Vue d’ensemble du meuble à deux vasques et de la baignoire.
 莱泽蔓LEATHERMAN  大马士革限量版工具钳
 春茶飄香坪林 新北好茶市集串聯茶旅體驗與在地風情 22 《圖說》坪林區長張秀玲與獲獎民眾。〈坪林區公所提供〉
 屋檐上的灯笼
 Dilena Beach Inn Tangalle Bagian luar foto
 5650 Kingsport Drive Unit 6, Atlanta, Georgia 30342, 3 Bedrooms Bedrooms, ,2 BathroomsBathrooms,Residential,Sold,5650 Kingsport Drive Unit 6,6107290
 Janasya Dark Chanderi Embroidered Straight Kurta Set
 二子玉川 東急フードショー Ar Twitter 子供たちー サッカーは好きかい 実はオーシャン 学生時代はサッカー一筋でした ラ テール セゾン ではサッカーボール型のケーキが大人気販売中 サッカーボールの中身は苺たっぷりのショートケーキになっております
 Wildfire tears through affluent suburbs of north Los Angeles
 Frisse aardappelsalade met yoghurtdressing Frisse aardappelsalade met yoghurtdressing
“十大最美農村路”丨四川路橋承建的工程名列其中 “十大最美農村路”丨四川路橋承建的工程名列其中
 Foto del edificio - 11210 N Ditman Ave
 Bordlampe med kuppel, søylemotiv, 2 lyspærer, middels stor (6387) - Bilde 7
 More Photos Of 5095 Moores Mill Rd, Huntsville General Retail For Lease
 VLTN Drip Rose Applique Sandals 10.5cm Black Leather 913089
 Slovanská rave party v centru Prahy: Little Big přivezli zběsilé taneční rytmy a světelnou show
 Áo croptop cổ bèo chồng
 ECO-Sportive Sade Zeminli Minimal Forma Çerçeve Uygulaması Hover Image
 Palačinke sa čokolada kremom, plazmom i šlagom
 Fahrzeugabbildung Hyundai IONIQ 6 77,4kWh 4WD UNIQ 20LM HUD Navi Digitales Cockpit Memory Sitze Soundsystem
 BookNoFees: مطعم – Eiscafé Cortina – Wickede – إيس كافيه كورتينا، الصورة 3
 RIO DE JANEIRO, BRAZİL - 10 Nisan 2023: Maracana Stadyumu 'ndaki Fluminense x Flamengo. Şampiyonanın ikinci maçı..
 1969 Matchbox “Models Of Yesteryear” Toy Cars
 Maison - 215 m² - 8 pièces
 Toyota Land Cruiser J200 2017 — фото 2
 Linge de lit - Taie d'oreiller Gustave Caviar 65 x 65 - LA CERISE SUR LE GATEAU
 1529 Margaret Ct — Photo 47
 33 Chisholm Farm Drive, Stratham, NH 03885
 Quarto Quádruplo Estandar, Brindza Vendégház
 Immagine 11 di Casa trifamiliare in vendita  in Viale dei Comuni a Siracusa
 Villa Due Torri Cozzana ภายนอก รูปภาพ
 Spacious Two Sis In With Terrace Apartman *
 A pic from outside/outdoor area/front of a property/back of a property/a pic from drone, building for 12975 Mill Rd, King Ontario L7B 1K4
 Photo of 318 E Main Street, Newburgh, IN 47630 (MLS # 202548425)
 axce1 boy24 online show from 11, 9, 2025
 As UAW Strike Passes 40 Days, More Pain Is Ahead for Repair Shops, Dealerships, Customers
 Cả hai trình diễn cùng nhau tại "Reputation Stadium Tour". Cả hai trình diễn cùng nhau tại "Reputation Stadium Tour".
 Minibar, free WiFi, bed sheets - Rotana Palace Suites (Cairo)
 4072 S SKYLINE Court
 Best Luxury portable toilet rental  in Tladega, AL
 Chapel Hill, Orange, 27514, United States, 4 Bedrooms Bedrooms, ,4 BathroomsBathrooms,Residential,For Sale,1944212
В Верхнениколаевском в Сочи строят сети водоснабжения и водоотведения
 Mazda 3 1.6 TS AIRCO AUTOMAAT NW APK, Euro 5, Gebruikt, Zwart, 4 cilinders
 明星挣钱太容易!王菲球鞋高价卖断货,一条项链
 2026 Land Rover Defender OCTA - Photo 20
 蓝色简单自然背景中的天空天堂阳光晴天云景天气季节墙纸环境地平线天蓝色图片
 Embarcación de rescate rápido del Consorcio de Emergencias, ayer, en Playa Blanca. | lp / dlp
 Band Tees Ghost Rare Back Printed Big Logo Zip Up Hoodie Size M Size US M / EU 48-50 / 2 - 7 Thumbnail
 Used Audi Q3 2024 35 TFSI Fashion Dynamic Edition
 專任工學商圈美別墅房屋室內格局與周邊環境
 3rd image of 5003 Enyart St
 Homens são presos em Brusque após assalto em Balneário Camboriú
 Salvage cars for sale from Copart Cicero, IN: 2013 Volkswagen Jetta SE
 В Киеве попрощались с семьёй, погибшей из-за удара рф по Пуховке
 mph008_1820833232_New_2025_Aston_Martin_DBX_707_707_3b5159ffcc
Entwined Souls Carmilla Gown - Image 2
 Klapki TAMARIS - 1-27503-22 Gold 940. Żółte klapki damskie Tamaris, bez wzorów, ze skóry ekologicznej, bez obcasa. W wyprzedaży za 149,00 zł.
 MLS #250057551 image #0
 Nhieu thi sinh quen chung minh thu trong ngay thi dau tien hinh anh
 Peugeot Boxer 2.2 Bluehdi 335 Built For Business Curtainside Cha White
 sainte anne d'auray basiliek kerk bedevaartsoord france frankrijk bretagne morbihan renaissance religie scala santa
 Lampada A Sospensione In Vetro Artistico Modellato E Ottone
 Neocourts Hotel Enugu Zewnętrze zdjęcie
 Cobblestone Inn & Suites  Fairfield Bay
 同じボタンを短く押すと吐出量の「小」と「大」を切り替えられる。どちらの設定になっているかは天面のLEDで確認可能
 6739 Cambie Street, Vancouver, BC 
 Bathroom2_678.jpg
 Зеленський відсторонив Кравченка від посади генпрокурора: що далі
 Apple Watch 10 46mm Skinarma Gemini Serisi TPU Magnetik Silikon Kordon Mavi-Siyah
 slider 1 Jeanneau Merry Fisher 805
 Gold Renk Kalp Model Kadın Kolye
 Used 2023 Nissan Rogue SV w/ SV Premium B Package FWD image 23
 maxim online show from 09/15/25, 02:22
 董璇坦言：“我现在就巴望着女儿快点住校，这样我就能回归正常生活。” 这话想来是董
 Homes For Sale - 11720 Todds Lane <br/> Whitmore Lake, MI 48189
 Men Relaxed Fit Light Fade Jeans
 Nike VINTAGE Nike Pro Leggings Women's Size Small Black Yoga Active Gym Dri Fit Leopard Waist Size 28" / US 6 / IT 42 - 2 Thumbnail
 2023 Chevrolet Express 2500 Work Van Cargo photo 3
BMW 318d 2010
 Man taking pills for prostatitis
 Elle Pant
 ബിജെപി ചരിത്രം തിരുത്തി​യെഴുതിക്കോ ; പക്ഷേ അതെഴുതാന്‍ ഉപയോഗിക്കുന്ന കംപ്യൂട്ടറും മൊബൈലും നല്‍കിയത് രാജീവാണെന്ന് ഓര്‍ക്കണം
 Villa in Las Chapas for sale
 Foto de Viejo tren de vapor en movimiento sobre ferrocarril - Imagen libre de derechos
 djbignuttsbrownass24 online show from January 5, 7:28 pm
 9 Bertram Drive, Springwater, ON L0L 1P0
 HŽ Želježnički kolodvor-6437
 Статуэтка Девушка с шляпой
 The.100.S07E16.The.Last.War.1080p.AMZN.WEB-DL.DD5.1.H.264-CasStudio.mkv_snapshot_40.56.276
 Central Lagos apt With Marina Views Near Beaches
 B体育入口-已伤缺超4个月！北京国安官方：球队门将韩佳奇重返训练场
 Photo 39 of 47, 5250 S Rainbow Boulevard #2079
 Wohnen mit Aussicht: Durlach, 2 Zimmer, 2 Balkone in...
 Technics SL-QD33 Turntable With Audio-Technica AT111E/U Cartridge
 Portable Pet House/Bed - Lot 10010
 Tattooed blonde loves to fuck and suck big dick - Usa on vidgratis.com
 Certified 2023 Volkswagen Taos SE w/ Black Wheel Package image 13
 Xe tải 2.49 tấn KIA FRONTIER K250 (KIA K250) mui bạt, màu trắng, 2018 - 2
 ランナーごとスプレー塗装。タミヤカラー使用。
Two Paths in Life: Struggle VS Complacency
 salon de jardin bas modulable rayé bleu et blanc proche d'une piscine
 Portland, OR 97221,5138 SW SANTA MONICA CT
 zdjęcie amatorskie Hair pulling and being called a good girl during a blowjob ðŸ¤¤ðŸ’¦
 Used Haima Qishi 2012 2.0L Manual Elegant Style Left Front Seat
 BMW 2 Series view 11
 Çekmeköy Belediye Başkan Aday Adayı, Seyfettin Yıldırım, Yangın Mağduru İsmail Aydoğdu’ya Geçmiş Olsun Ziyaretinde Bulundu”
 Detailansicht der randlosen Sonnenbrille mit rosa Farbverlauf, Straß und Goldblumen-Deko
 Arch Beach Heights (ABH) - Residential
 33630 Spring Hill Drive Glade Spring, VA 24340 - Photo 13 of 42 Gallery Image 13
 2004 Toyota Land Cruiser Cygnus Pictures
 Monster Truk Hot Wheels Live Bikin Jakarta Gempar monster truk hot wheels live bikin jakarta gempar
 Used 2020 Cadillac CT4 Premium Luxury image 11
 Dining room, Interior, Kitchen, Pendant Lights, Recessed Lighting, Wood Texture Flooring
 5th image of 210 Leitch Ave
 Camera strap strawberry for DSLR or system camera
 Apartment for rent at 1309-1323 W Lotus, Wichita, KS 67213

» Your objective
Which lines in the data above contain "Black"? Show each one.

» Task solution
 VLTN Drip Rose Applique Sandals 10.5cm Black Leather 913089
 Nike VINTAGE Nike Pro Leggings Women's Size Small Black Yoga Active Gym Dri Fit Leopard Waist Size 28" / US 6 / IT 42 - 2 Thumbnail
 Certified 2023 Volkswagen Taos SE w/ Black Wheel Package image 13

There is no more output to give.